TASK PROMPT:
Output every entry below word for word, minus the images.

[Items from a data source]
_ _ _ _

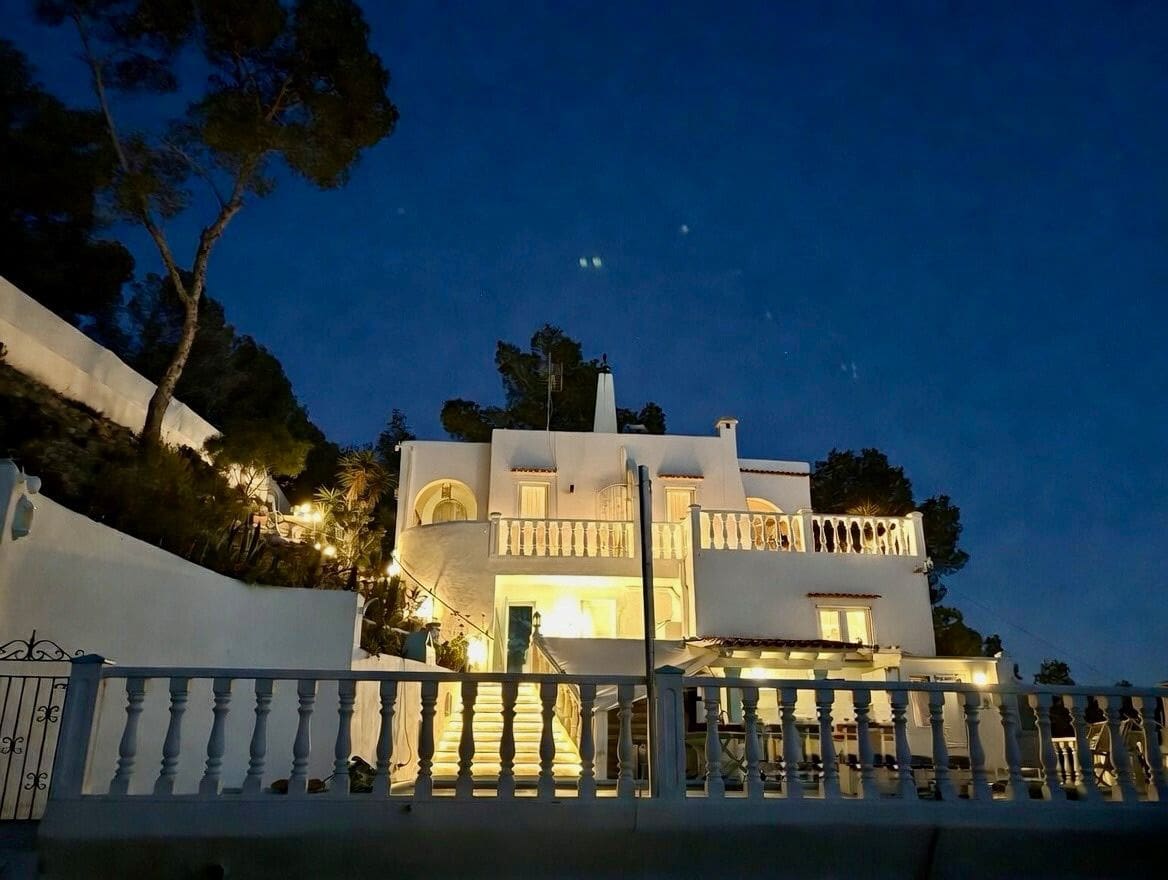 4 makuuhuone Maalaistalo vuokrattavana paikassa Cala Llonga mukana uima-altaan 
autotalli - 10 000 € (Ref: 9795199)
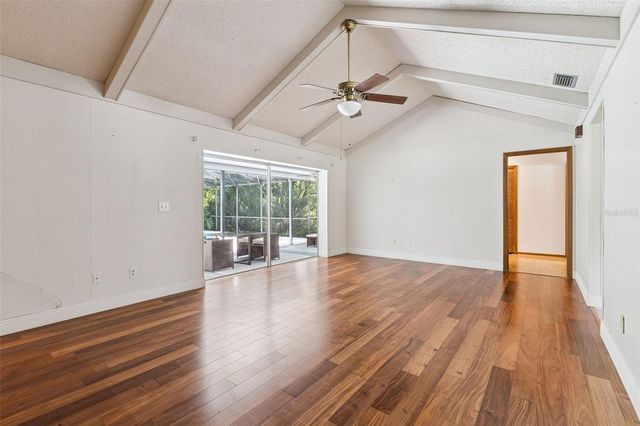 211 HICKORY DRIVE, Longwood, FL 32779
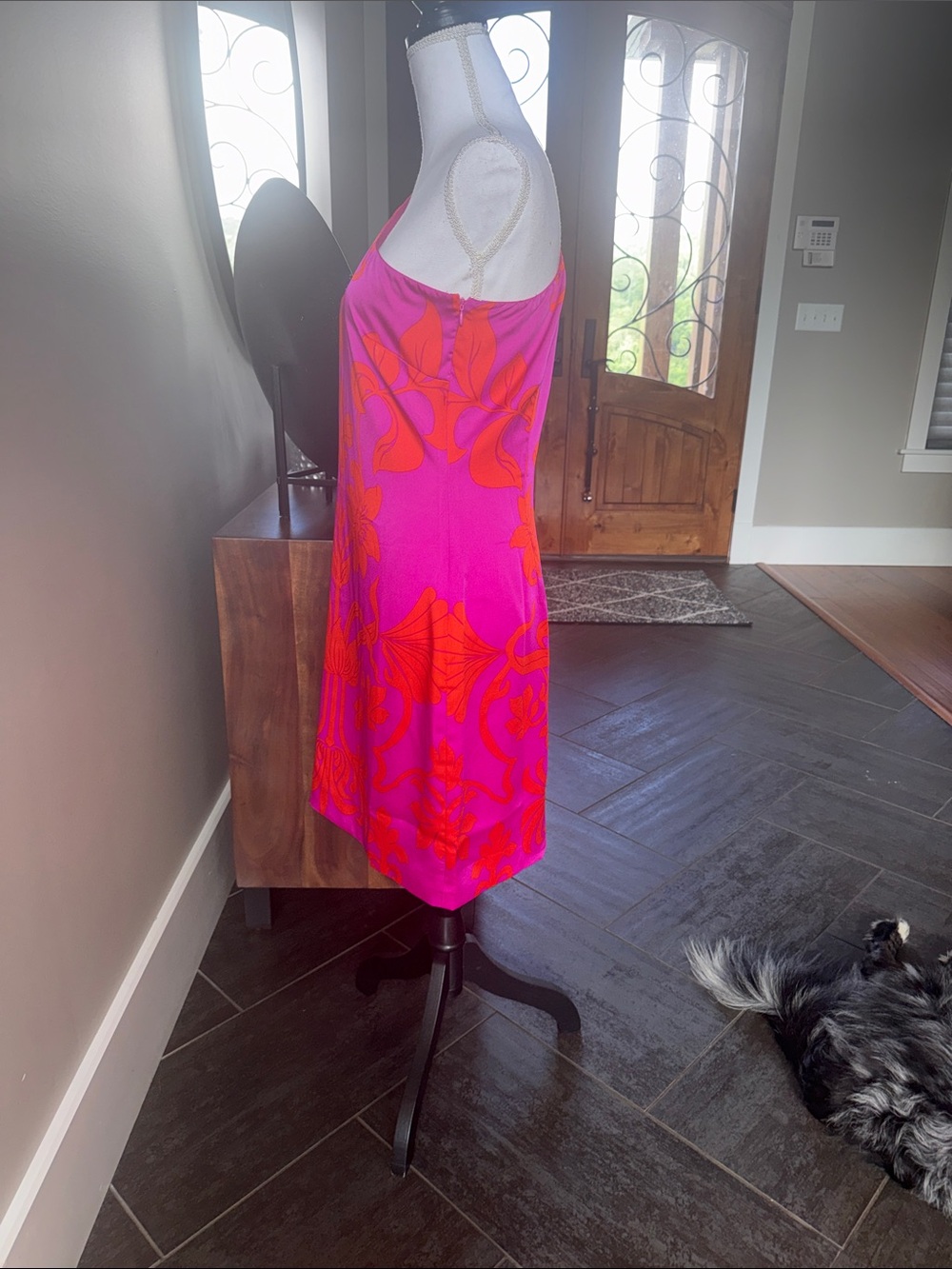 Sugarlips Vallie One-Shoulder Vacation Pink and Orange Floral Satin Shift Dress - Picture 5 of 10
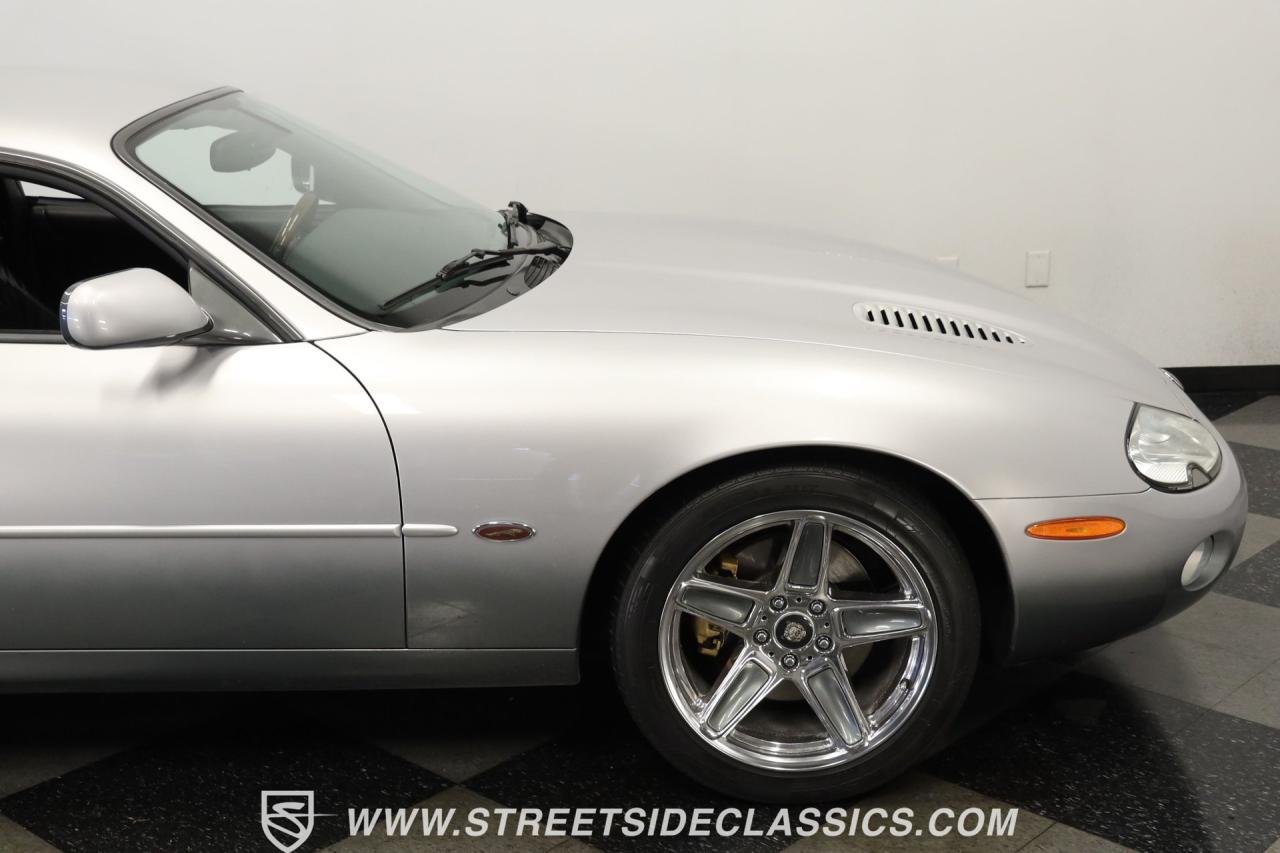 2002 Jaguar XKR Supercharged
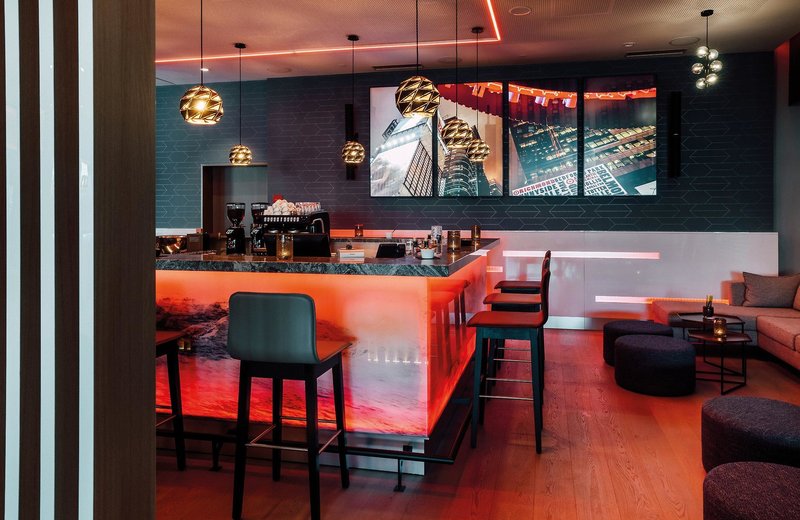 Leonardo Hotel Zurich Airport 5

_ _ _ _

ANSWER BELOW:
 4 makuuhuone Maalaistalo vuokrattavana paikassa Cala Llonga mukana uima-altaan 
autotalli - 10 000 € (Ref: 9795199)
 211 HICKORY DRIVE, Longwood, FL 32779
 Sugarlips Vallie One-Shoulder Vacation Pink and Orange Floral Satin Shift Dress - Picture 5 of 10
 2002 Jaguar XKR Supercharged
 Leonardo Hotel Zurich Airport 5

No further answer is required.